AH, INNOCENCE! What would we Americans have for a subject without it? What could we claim as the spine of our literary history if we didn’t have, as a ubiquitous protagonist, an innocence which we can send abroad or dedicate an age to; an innocence we can never go home to again; an innocence that, in our minds, we can summon forth perpetually to be soiled and beaten down by the crudities of experience; but an innocence, finally, which will never be completely obliterated from our memory.

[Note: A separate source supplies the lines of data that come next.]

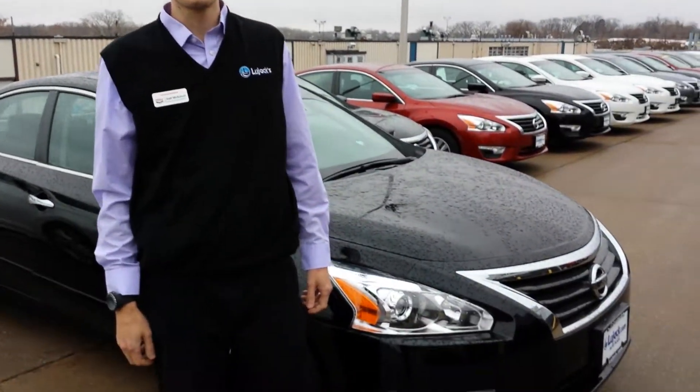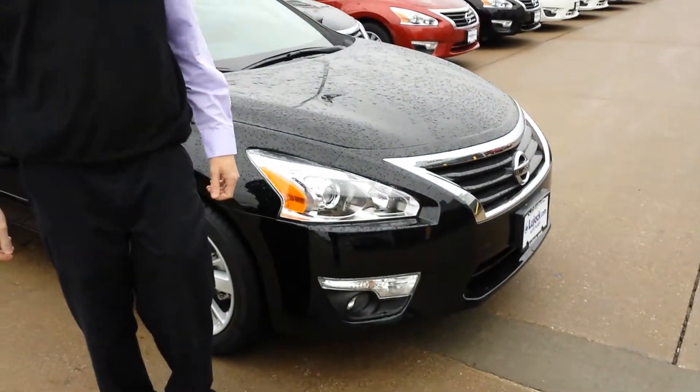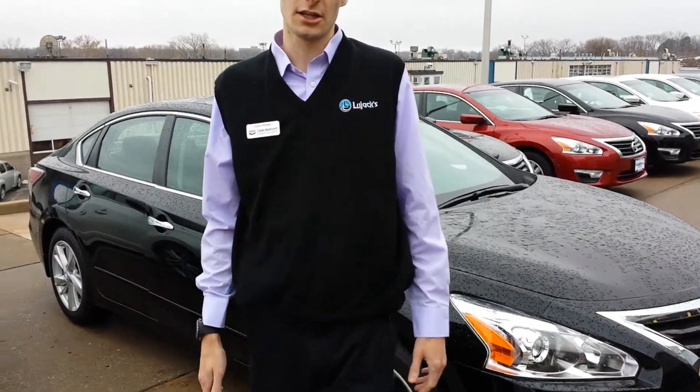Kathy, my name is Josh with Blue Jack Nissan. Thank you for inquiring on the 2015 Altima. I've got one right behind me. It's not the storm blue color like you requested information on, but we can get that — it's just not available at this time.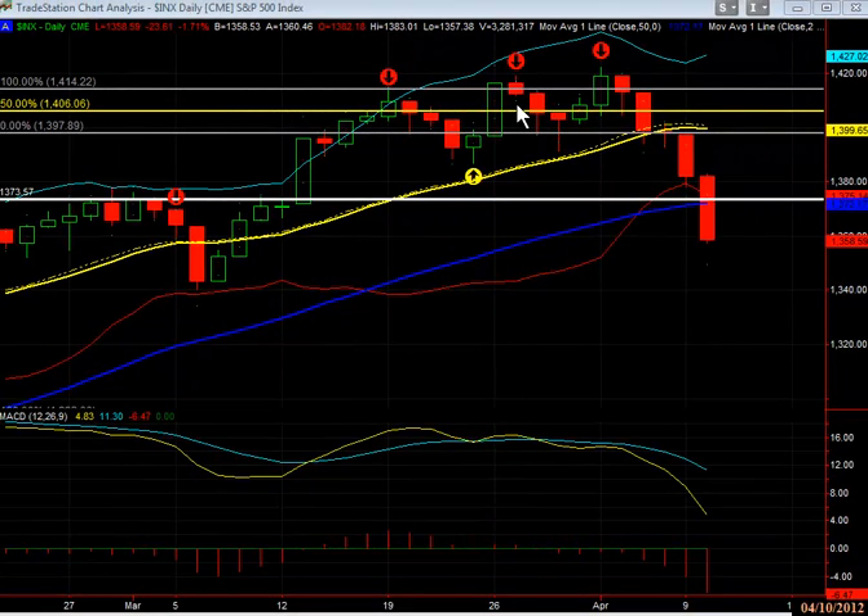Hey everyone, Patrick Hughes here. This is the S&P 500 index, and we told our members quite some time ago, as prices were really rallying up here, to watch out for this date — we felt that there would be a corrective action start to step in on that date. You could see it did.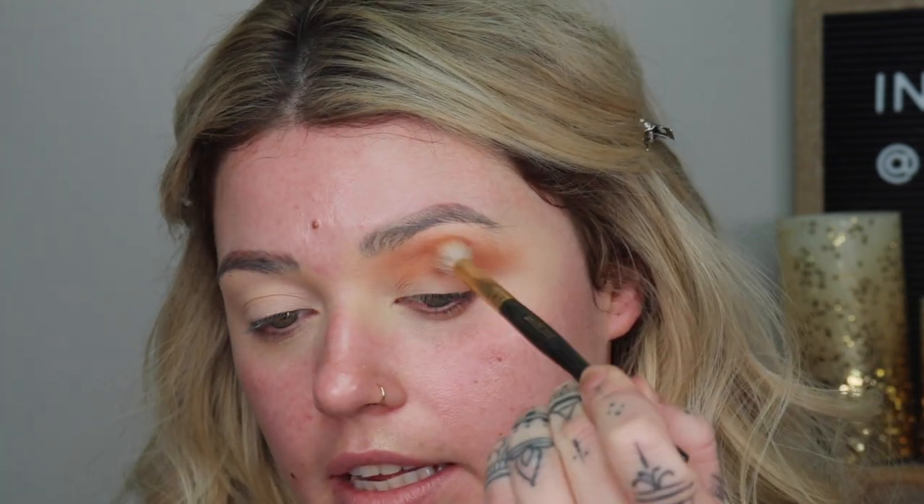Focus it right where the crease is, pulling it out into a V shape to give that cat eye effect, going back and forth. This is why we do our eyeshadow before foundation — so we can clean up all our edges and it doesn't affect any of our face makeup. Just being really light-handed, making sure we're getting up in the front by the brow.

Whatever the rough facts of existence teach us about our frailties of being, we still cling to the recollection that it was not always so, that we have not been predestined for the dull, grinding, self-centered agonies of our daily selves; but, rather, in the history of our consciousness, we once had a clear vision of joy and beauty that we have only sold or misplaced in the scramble to build a society. On a popular level, this has meant that many of our whores anonymously send their unseen children to the best colleges, that our murderers risk police bullets in order to see their bedridden mothers once more before they die, that our besotted journalists of mayhem and scandal keep, tucked deeply away i their desk drawer, a half-finished, lyric novel about their childhood. We may smile at these types, but we never completely disown them because, as gross as they are, they somehow create and reenact for us our pageant of original purity, a drama of clear definitions that tells us that although we are misguided and lost, we are not irremediably tragic.